Purpose: Since 1993, assiduous efforts have been made in Germany to lower the incidence of allergic cement dermatitis by reducing the content of hexavalent chromium (Cr VI). Usage of epoxy resin systems has considerably increased in the building trade in the same period. We analysed data of the Information Network of Departments of Dermatology (IVDK) to evaluate the influence of these changing occupational exposures on frequencies of sensitization.
Methods: IVDK data of 1,153 men working in the building trade (bricklayers, tile setters etc.) presenting with occupational skin disease in the years 1994-2008 were analysed, taking into consideration not only the year of patch testing, but also beginning and duration of work in the building trade.

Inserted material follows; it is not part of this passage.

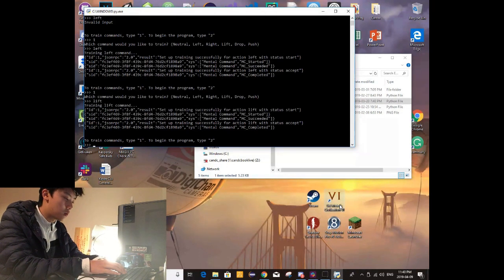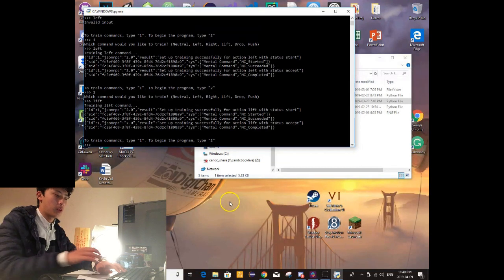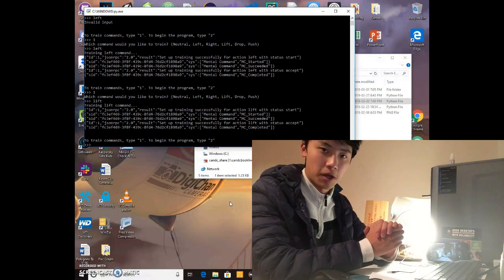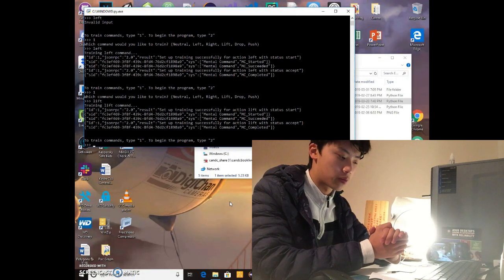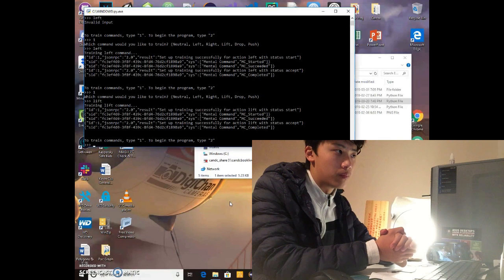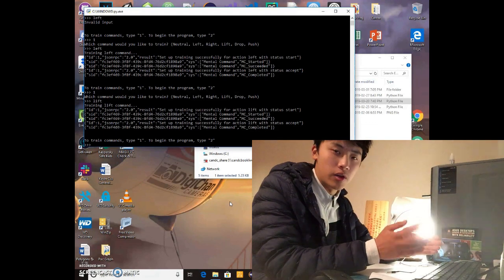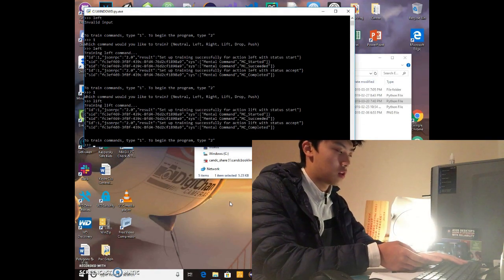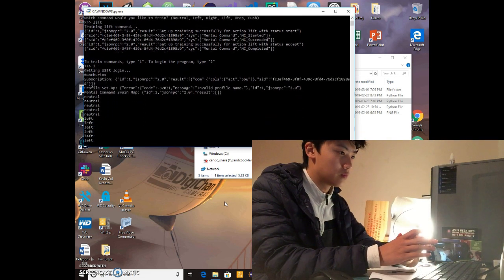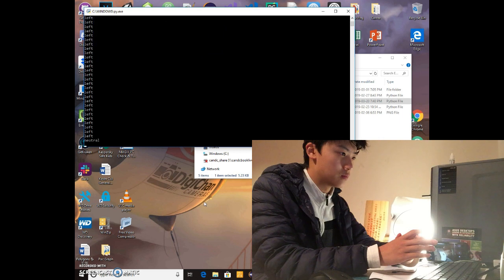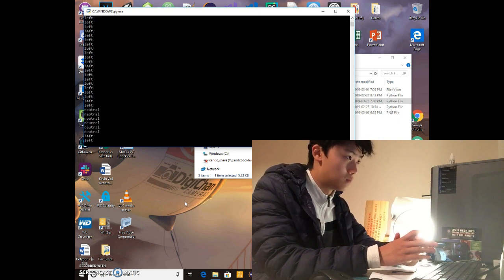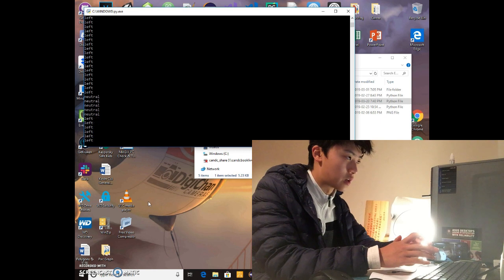Now it's time to see this in action. I'll put the cursor right here, and you'll see that my hands will remain still the whole time. This is the simplest program I've developed out of the three, so there may be a few bugs here and there. You can see that the cursor is actually moving up.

Results: While contact sensitization to chromate decreased from 43.1 to 29.0%, sensitization to epoxy resin increased from 8.4 to 12.4%. Logistic regression analysis revealed that, compared to those who had already worked before 1994, patients having started to work in building trade after 1999 had a significantly decreased risk of chromate sensitization (odds ratio 0.42) and a significantly increased risk of sensitization to epoxy resin (odds ratio 2.79). Additionally, risk of thiuram sensitization increased with the duration of employment.
Conclusion: Our data confirm that reducing Cr VI content of cement is useful in preventing allergic cement eczema, as previously found in Scandinavia. In contrast, the increasing prevalence of contact sensitization to epoxy resin components in the building trade is alarming. Preventive measures, which have already been implemented, have to be enforced.